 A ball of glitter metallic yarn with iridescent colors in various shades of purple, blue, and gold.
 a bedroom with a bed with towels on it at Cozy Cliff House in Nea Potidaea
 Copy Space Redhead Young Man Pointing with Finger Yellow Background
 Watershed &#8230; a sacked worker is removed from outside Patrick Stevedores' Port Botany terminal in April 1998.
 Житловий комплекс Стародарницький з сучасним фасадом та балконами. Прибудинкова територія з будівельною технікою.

# Problem
Return the full material exactly.

# Answer to the exercise
 A ball of glitter metallic yarn with iridescent colors in various shades of purple, blue, and gold.
 a bedroom with a bed with towels on it at Cozy Cliff House in Nea Potidaea
 Copy Space Redhead Young Man Pointing with Finger Yellow Background
 Watershed &#8230; a sacked worker is removed from outside Patrick Stevedores' Port Botany terminal in April 1998.
 Житловий комплекс Стародарницький з сучасним фасадом та балконами. Прибудинкова територія з будівельною технікою.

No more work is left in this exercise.